A family of genomic language models using disentangled attention, pretrained on up to 180 billion nucleotides of prokaryotic and eukaryotic reference genomes for genomic sequence classification.
Genomic language models learn representations of DNA by self-supervised pretraining on large collections of genomes, mirroring the success of protein language models. seqLens is a family of such models developed by the Rahnavard group (omicsEye) at George Washington University and released as a bioRxiv preprint in March 2025. It is designed to produce transferable embeddings of DNA sequence that support downstream genomic classification tasks across bacterial and eukaryotic genomes.
The central design choice in seqLens is its attention mechanism: rather than the standard self-attention used in earlier genomic BERT-style models, it adopts disentangled attention with relative positional encoding, which separates content and position information when computing attention weights. The authors also emphasize the composition of pretraining data, showing that using relevant and taxonomically balanced genomes substantially boosts downstream performance. Together these choices allow the seqLens family to outperform existing genomic language models on the majority of a broad benchmark suite while spanning a wide range of model sizes.
seqLens uses a transformer encoder with disentangled attention and relative positional encoding, trained with masked language modeling over BPE-tokenized DNA. Two pretraining corpora were assembled: a large prokaryote-heavy dataset of 19,551 reference genomes (over 18,000 prokaryotic) totaling more than 115 billion nucleotides, and a more taxonomically balanced dataset of 1,355 prokaryotic and eukaryotic reference genomes exceeding 180 billion nucleotides. Across a benchmark of 19 genomic tasks, seqLens models outperformed competing approaches on 13, with reported strength on tasks such as plasmid and kingdom classification. Five scale variants (roughly 15M, 23M, 47M, 89M, and larger) are released, allowing comparison of performance against model size.
seqLens is intended for researchers working with microbial and metagenomic sequence data who need learned DNA representations for classification and annotation.

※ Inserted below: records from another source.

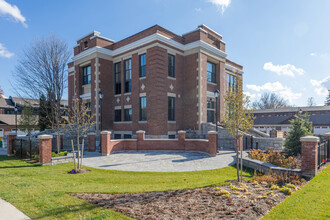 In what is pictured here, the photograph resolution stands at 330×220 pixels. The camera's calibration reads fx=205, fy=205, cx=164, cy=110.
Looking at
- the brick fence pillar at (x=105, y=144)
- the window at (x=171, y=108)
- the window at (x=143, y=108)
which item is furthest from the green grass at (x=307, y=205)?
the window at (x=143, y=108)

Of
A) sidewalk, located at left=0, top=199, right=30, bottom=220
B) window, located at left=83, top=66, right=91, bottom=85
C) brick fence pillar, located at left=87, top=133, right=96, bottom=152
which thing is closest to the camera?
sidewalk, located at left=0, top=199, right=30, bottom=220

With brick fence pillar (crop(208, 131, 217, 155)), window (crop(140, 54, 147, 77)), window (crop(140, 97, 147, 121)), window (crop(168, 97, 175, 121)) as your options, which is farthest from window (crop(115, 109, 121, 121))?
brick fence pillar (crop(208, 131, 217, 155))

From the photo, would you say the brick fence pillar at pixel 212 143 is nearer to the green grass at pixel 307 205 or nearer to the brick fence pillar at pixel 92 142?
the green grass at pixel 307 205

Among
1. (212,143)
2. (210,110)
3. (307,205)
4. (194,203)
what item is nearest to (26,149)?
(212,143)

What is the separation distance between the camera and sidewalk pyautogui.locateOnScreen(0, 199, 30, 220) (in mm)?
4488

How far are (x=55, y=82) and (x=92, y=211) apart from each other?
60.0 ft

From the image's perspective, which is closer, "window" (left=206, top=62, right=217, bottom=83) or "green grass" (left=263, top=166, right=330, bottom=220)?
"green grass" (left=263, top=166, right=330, bottom=220)

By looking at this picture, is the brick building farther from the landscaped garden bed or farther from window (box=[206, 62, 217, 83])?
the landscaped garden bed

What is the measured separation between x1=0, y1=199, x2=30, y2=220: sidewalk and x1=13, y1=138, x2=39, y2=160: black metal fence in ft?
27.8

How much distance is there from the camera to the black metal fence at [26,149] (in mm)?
13469

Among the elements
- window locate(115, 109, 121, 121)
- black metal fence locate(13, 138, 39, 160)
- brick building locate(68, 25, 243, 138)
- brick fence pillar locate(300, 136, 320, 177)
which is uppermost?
brick building locate(68, 25, 243, 138)

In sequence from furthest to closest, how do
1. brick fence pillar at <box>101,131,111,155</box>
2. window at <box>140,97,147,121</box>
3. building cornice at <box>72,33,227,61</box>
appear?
window at <box>140,97,147,121</box>, building cornice at <box>72,33,227,61</box>, brick fence pillar at <box>101,131,111,155</box>

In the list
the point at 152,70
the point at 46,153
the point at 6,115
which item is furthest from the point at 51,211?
the point at 6,115

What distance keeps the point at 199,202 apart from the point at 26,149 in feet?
46.5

Typical applications include distinguishing plasmid from chromosomal sequence, taxonomic and kingdom-level classification, and other sequence-labeling tasks where a pretrained genomic encoder can be fine-tuned on modest labeled datasets. The availability of multiple model sizes makes it adaptable to both high-throughput screening and resource-constrained settings.
seqLens contributes to the genomic language model landscape by demonstrating that architecture choice (disentangled attention) and pretraining data composition, rather than raw corpus size alone, meaningfully shape downstream genomic performance. Its release of open, non-commercial weights across several model scales, together with a broad 19-task benchmark, provides a reusable resource for the microbial genomics community. As a preprint awaiting peer review, its reported advantages are established on the benchmarks presented by the authors, and the non-commercial license constrains use in industrial pipelines.
Baghbanzadeh, M., et al. (2025) seqLens: optimizing language models for genomic predictions. openRxiv.